Por outro lado, como o próprio trabalho de Svetlana nos mostrou, Manguel conta que “toda biblioteca, mesmo sob a mais estrita vigilância, contém textos secretamente rebeldes que escapam ao olho do bibliotecário”. Pessoas ou livros, cada um deles trazem consigo seu passado e as marcas de sua sobrevivência, como o livro judaico de orações que Manguel descreve em A biblioteca à noite, comprado em Berlim e sobrevivente do regime nazista.
Como todo livro que chegou até nós das mãos de leitores distantes, cada um de meus livros traz consigo a história de sua própria sobrevivência. Do fogo, da água, da passagem do tempo, de leitores descuidados ou das mãos do censor — cada um dos meus livros escapou de alguma coisa para me contar uma história. — Alberto Manguel, ‘A biblioteca à noite’.

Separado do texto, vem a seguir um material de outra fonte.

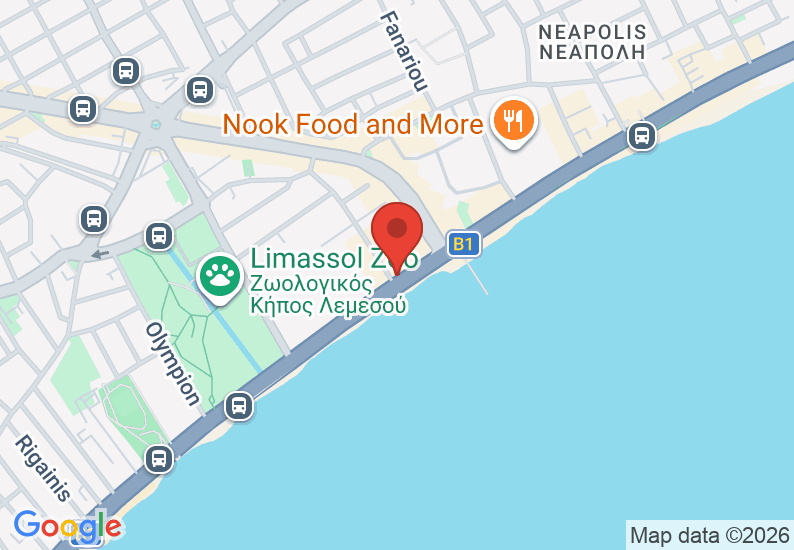 Google Map image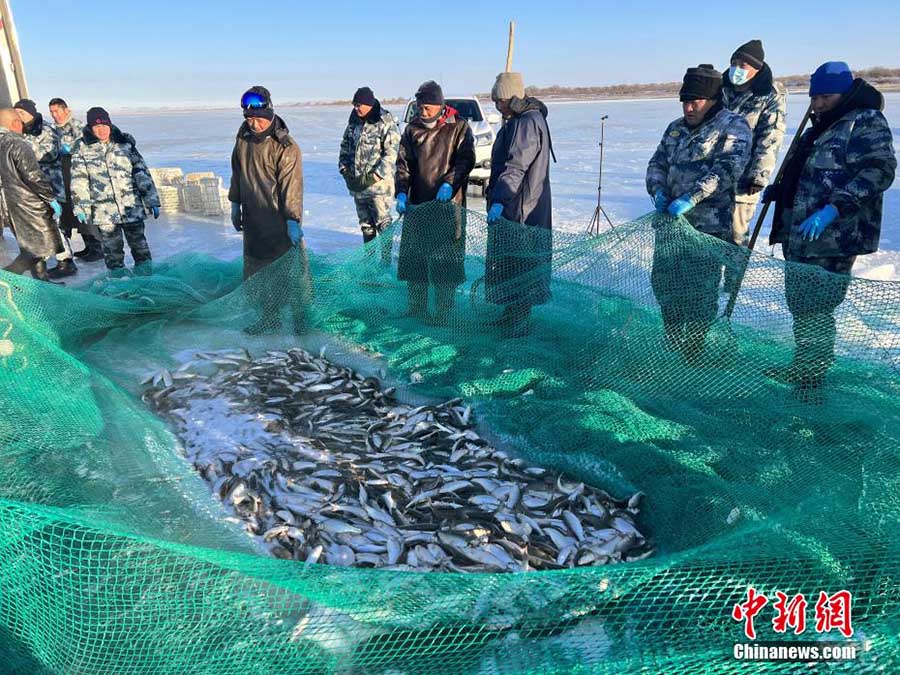 Ішкі Моңғолдағы Дали көлі қысқы балық аулау маусымын қарсы алды
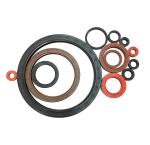Chemical Resistant Oil Seal Ring Water Resistance FKM FPM NBR CR PU Material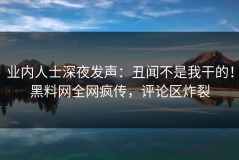 业内人士深夜发声：丑闻不是我干的！黑料网全网疯传，评论区炸裂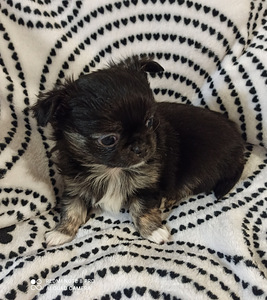 Mini chihuahua tüdruk (2 foto / 2)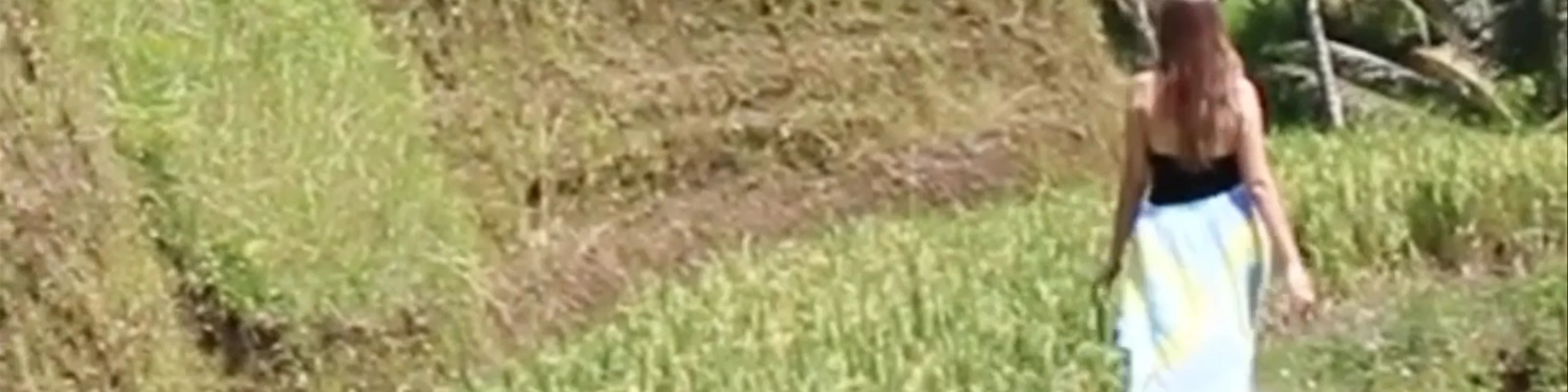 The Tegalalang Rice Terrace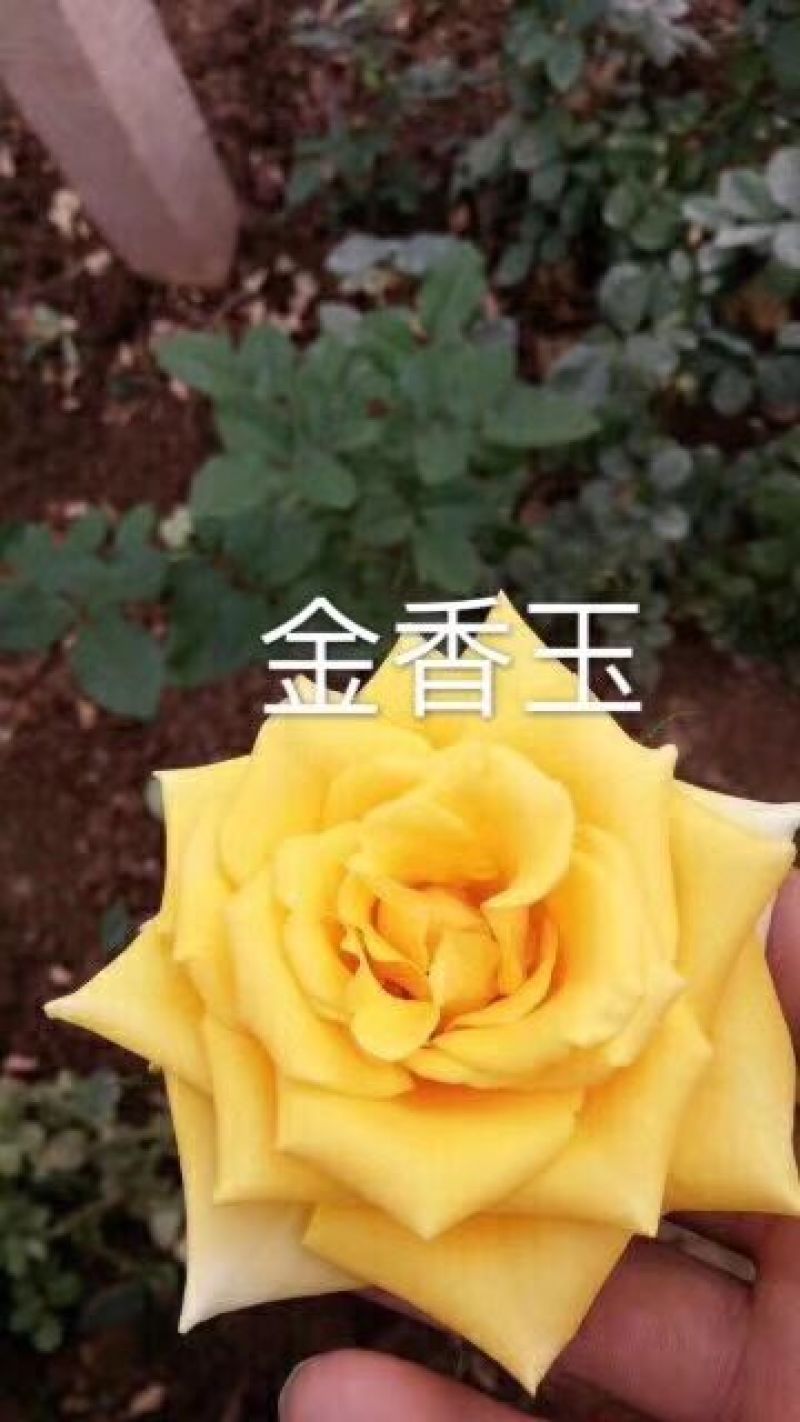 黄花月季小苗10到15公分高基地直发保证质量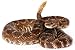 Snake Gaiters - Snake Bite Protection - Khaki Tan (XLarge)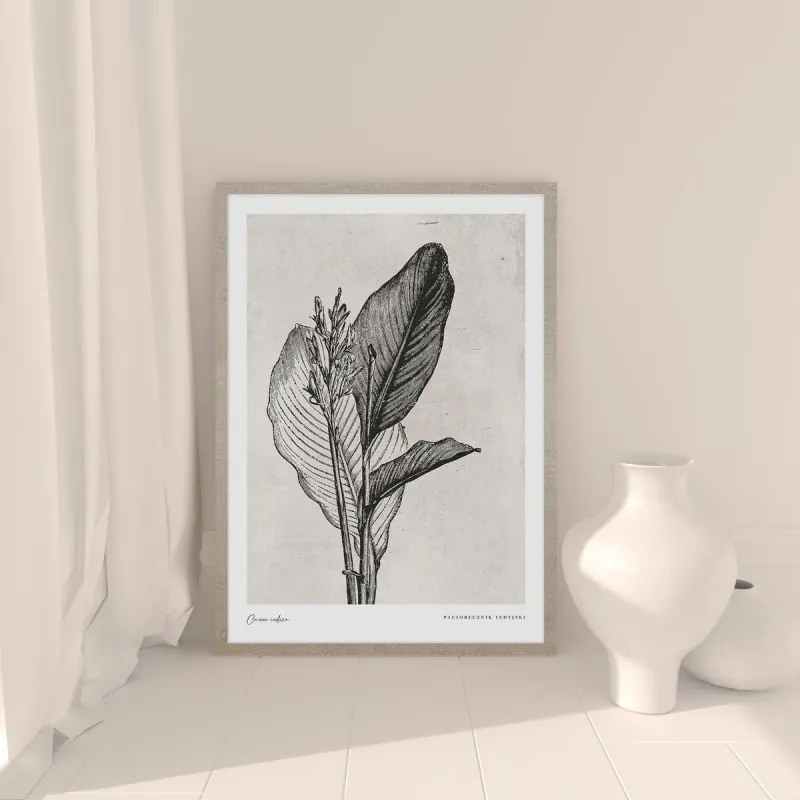 Canna indica leaves kép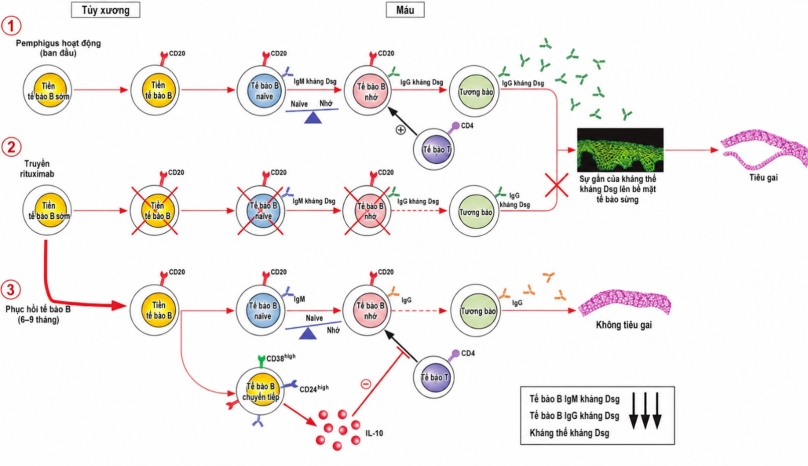 Hình 1. Cơ chế tác dụng của rituximab trong pemphigus
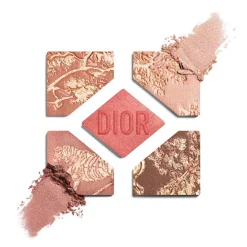 DIORSHOW 5 COULEURS EDICIÓN LIMITADA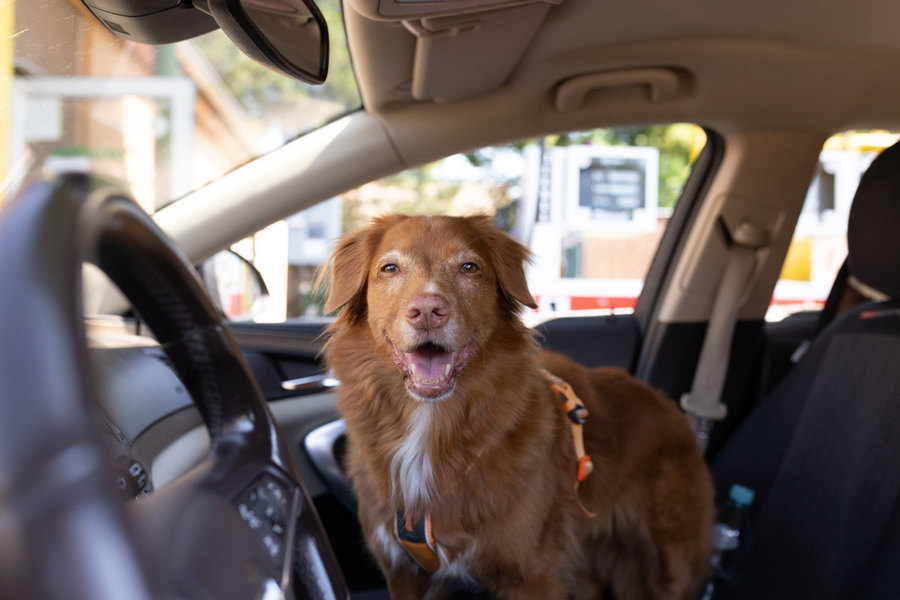 Can You Take Dogs in a Car Club Car?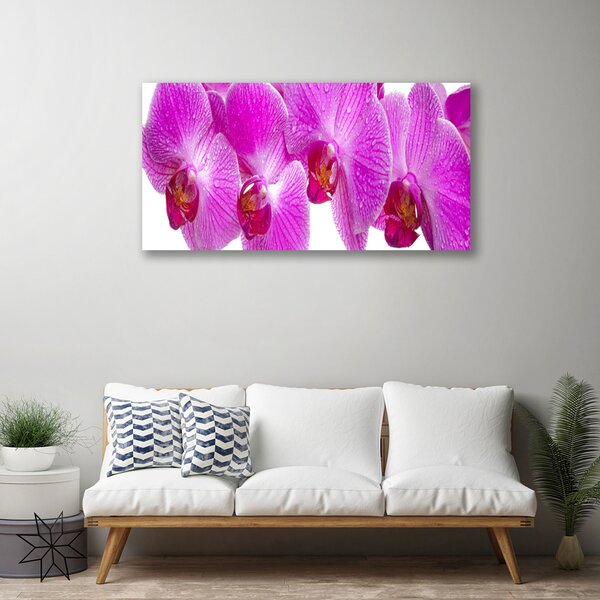 Tablou pe panza canvas Flori roz Floral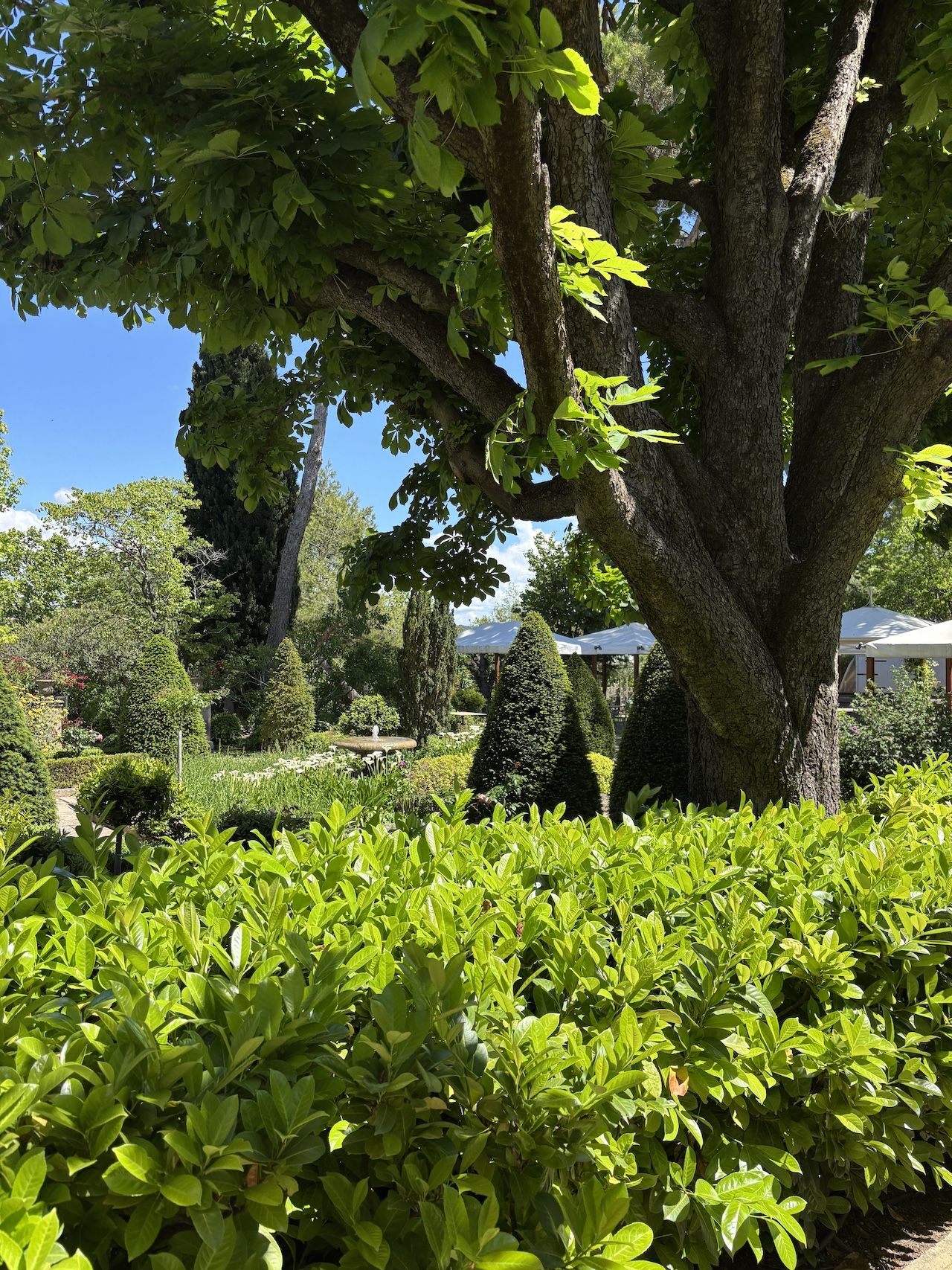LE PIGONNET À AIX EN PROVENCE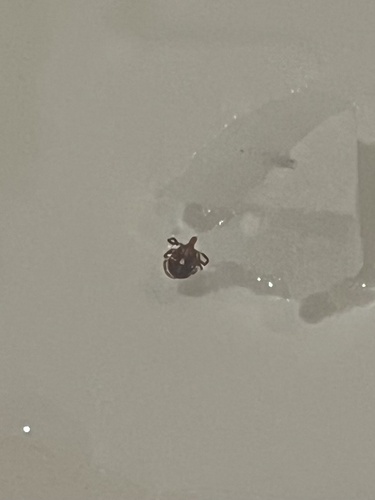 Lone Star Tick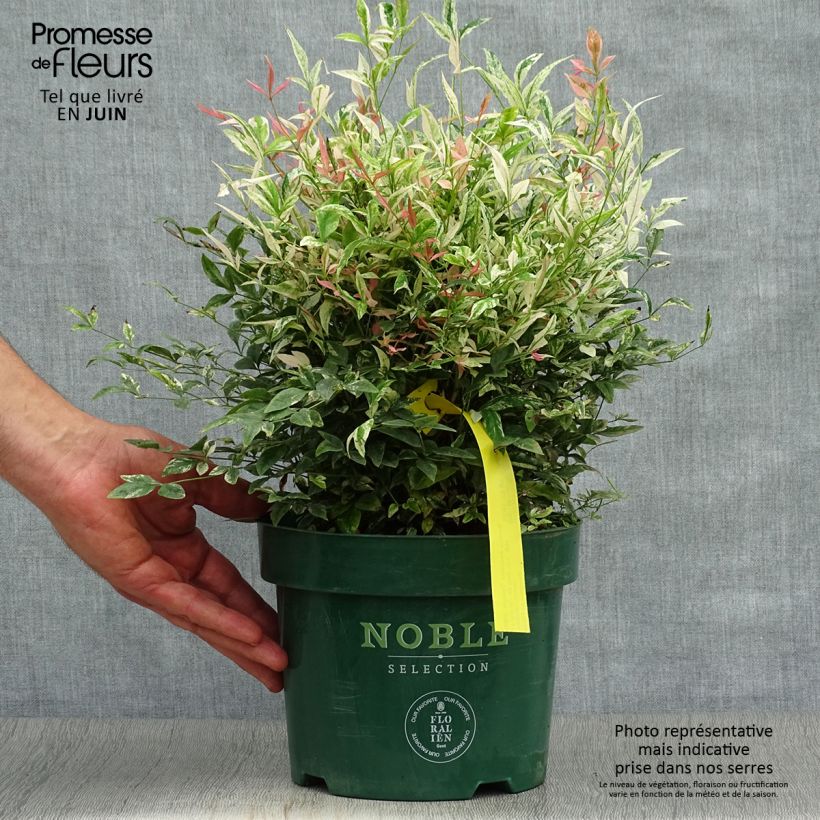 Esimerkki kesällä toimitetusta Pyhä bambu Twilight Pot de 2L/3L-taimesta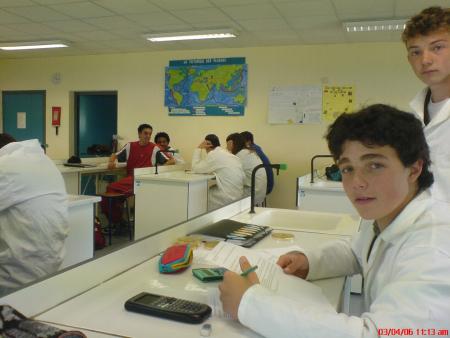 tom et pol louis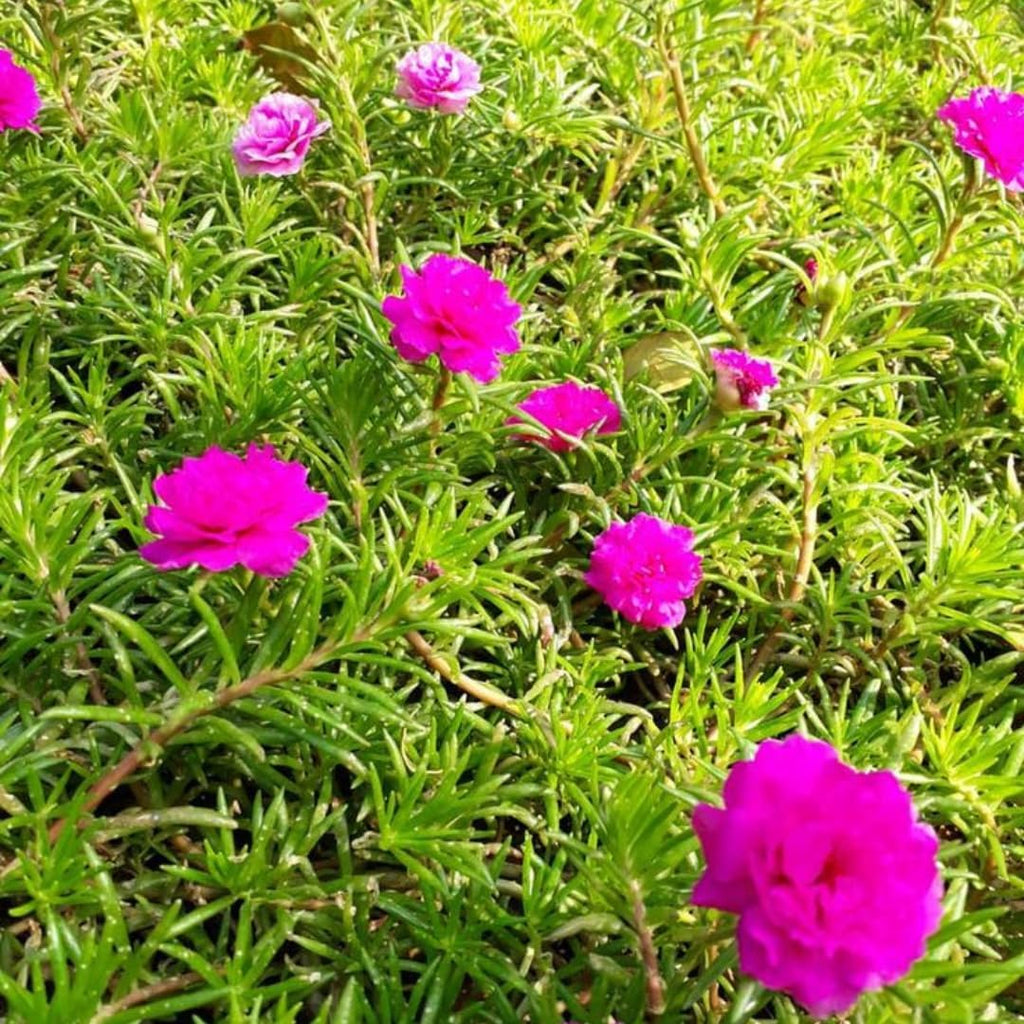 Moss Rose Live Plant, Pink Portulaca Bloom, Moss Flower Plants, 3-5 Inch for Growing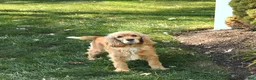 English Cocker Spaniel dogs for sale: Rusty - Ad 6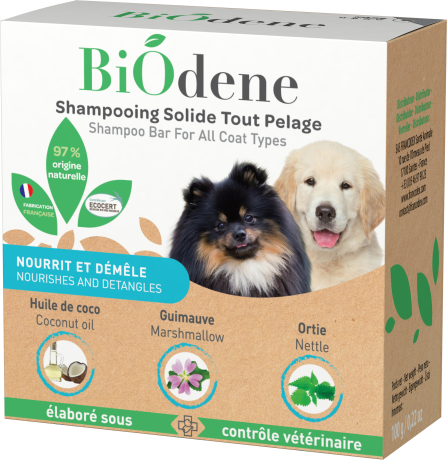 Shampoing Solide - chiens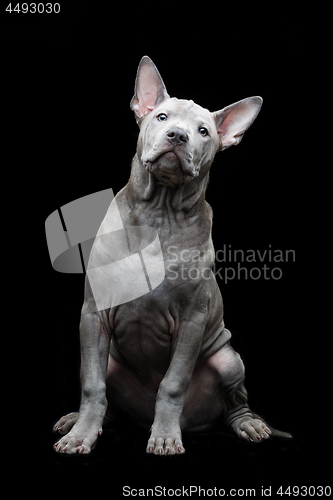 Image of Thai ridgeback puppy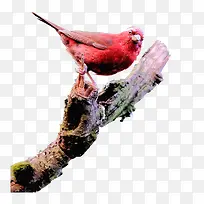 趴在树枝上的朱雀-空若网 趴在树枝上的朱雀-空若网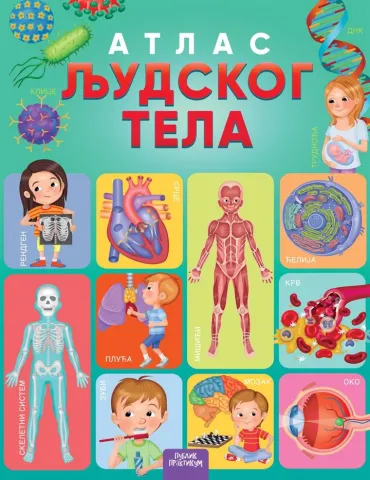 atlas ljudskog tela ilarija barsoti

Em que consiste meu conflito com o poder? Entendi que uma grande ideia precisa de pessoas pequenas, e não de alguém grande. Para ela, o grande é supérfluo e incômodo. Dá trabalho para moldar. E é por ele que procuro. Procuro pelo grande ser humano. Humilhado, pisoteado, ofendido – ele passou pelos campos de trabalho stalinistas e pela traição, e mesmo assim venceu. Realizou um milagre. — Svetlana Aleksiévitch, ‘A guerra não tem rosto de mulher.
Em certo momento do seu livro, Manguel nos diz que os livros não nos ajudam a entender respostas, mas a formular perguntas: “por meio das vozes que recolhem das histórias que imaginam, os livros apenas permitem que recordemos o que jamais sofremos e jamais conhecemos. O sofrimento em si mesmo pertence às vítimas. Todo leitor é, nesse sentido, um outsider, um estranho”.
É a partir desse contato com o outro que tentamos organizar nossa experiência de mundo, dar um sentido à vida.
A suspeita de que nós e o mundo somos feitos à imagem de algo maravilhosa e caoticamente coerente, muito além de nossa compreensão mas ao qual também pertencemos; a esperança de que nosso cosmo estilhaçado e nós mesmos, pó de estrelas, sejamos dotados de sentido e método inefáveis; o prazer de repetir a velha metáfora do mundo como livro que lemos e no qual somos lidos; a hipótese de que tudo que podemos saber da realidade é uma imagem criada pela linguagem - tudo isso encontra manifestação material nesse autorretrato que chamamos de biblioteca— Alberto Manguel, ‘A biblioteca à noite’.